The book also surfaces questions about how inequality scholars appraise research participants. In a chapter brimming with insight into social class and gender, Pascoe compares students who receive praise and recognition from the school for raising $25,000 for a pediatric neonatal hospital unit to those who face institutional challenges as they strive to organize student walkouts and campaigns related to issues like gun access, climate change, and Black Lives Matter. Notably, the groups of students involved in these divergent efforts differ in race and socioeconomic status. Clear inequalities exist in how the school responds to these student-led efforts.

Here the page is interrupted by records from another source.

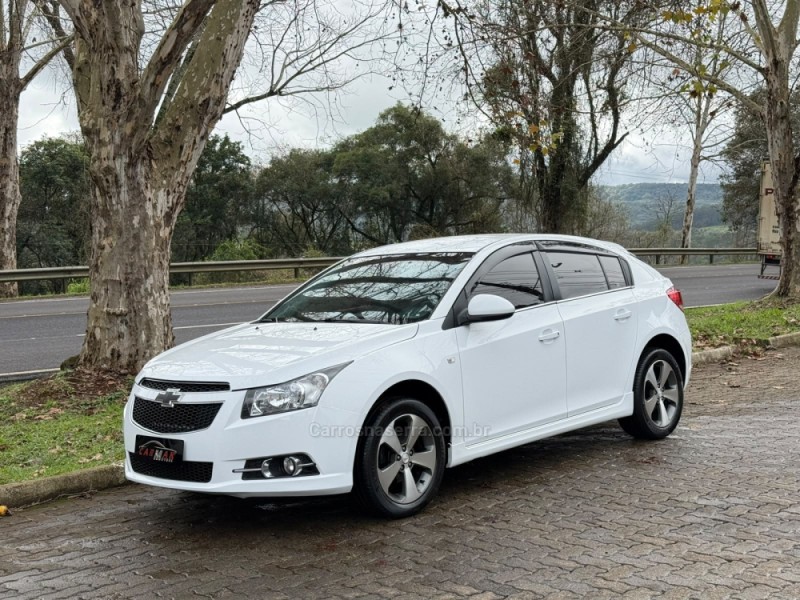 CRUZE 1.8 LT 16V FLEX 4P MANUAL - 2014 - DOIS IRMãOS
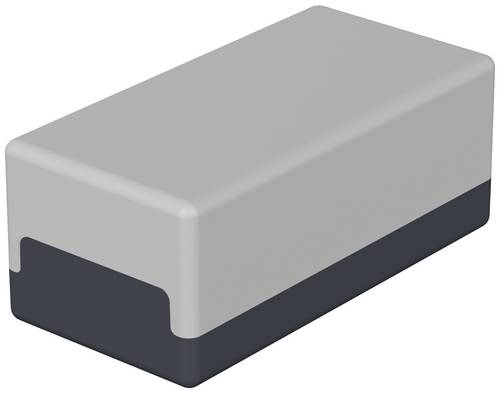 Bopla ELEMENT E 410 05410002 Elektronikgehäuse 50 x 100 x 25 Polystyrol Lichtgrau, Graphitgrau 1St.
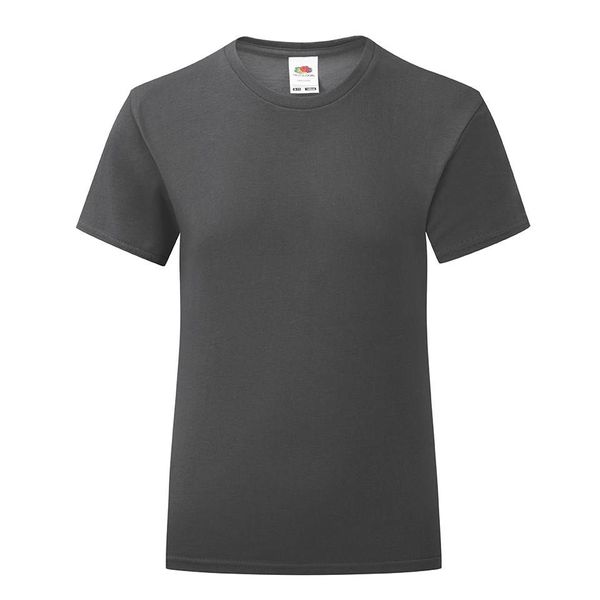 Fruit of the Loom Iconic Fruit of the Loom Graphite T-shirt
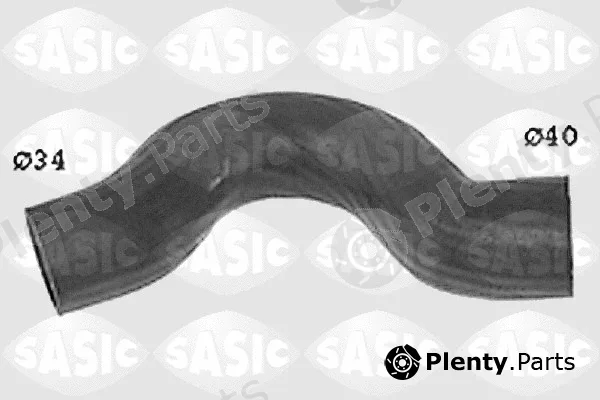 Sasic SWH6708 — Radiator Hose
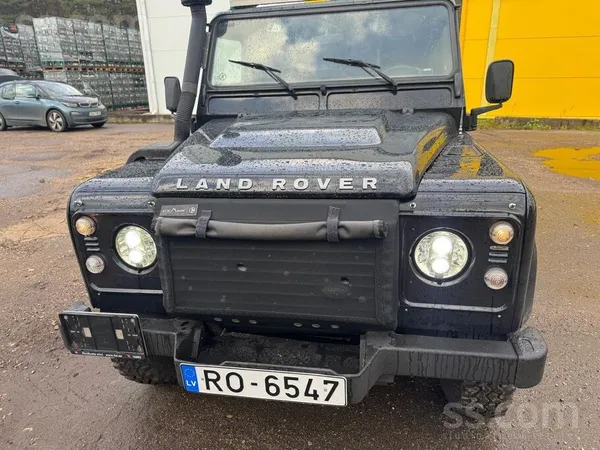 Land-rover Продается автодом 4x4 на базе Land Rover Defender.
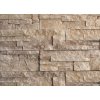 Rohový obklad Vaspo - LÁMANÝ KAMEŇ BÉŽOVOHNEDÝ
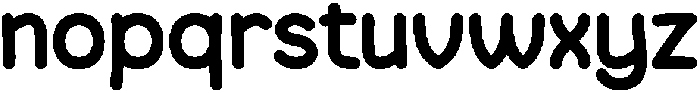 Happy Morin otf (400) Font LOWERCASE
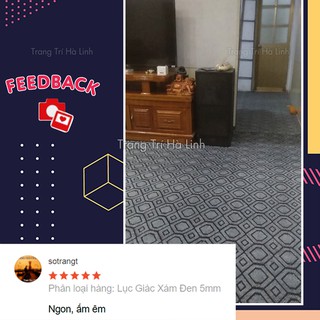 Thảm nỉ trải sàn nhà hoa văn trải văn phòng sự kiện dày 5mm chống cháy trơn trượt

Pascoe goes on to critique the philanthropists for “addressing a social problem in a way that doesn’t challenge social inequalities” (p. 176) and noting that they do not discuss the larger social structures that contribute to preterm births. Pascoe is far from alone in her treatment; the inequality literature often casts privileged participants’ activities as inadequate for not meeting their standards of structural analysis or political engagement. As such, the book provides a platform to critically examine the practice of evaluating participants according to researchers’ frameworks and ideals. More broadly, this raises questions about how researchers conceptualize and assess the nature of inequality in society.
Given its rich methodological approach, focus on gender inequality as it intersects with sexuality, race, and class, and potential to stimulate discussion, this book will make a valuable contribution to sociologists of gender as well as a broad range of classrooms and communities.